**Exercise objective**
Set down exactly the lines below, starting at the one that contains "Creativ green Kunstgras" and ending at the one that contains "Rhododendron Roseum - Pontische", with both of those lines included and nothing else.

**Supplied records**
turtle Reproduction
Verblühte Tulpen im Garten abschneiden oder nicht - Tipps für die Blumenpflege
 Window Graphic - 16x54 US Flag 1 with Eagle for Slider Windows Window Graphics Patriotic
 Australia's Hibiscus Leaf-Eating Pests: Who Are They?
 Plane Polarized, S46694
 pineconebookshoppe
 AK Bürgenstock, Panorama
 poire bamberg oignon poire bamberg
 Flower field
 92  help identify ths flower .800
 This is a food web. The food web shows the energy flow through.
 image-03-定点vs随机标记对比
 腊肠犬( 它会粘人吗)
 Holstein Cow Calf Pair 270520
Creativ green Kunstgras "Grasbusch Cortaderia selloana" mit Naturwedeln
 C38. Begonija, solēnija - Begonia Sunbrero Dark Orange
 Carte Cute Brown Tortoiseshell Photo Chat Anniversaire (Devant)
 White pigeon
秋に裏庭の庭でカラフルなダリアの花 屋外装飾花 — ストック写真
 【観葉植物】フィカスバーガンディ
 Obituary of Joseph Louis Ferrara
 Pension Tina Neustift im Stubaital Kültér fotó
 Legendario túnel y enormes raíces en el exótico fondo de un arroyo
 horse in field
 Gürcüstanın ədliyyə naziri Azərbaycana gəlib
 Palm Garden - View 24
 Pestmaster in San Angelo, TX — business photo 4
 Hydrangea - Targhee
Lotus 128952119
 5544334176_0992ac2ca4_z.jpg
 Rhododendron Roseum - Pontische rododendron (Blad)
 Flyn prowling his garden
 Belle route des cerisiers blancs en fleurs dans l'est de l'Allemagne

**Response**
Creativ green Kunstgras "Grasbusch Cortaderia selloana" mit Naturwedeln
 C38. Begonija, solēnija - Begonia Sunbrero Dark Orange
 Carte Cute Brown Tortoiseshell Photo Chat Anniversaire (Devant)
 White pigeon
秋に裏庭の庭でカラフルなダリアの花 屋外装飾花 — ストック写真
 【観葉植物】フィカスバーガンディ
 Obituary of Joseph Louis Ferrara
 Pension Tina Neustift im Stubaital Kültér fotó
 Legendario túnel y enormes raíces en el exótico fondo de un arroyo
 horse in field
 Gürcüstanın ədliyyə naziri Azərbaycana gəlib
 Palm Garden - View 24
 Pestmaster in San Angelo, TX — business photo 4
 Hydrangea - Targhee
Lotus 128952119
 5544334176_0992ac2ca4_z.jpg
 Rhododendron Roseum - Pontische rododendron (Blad)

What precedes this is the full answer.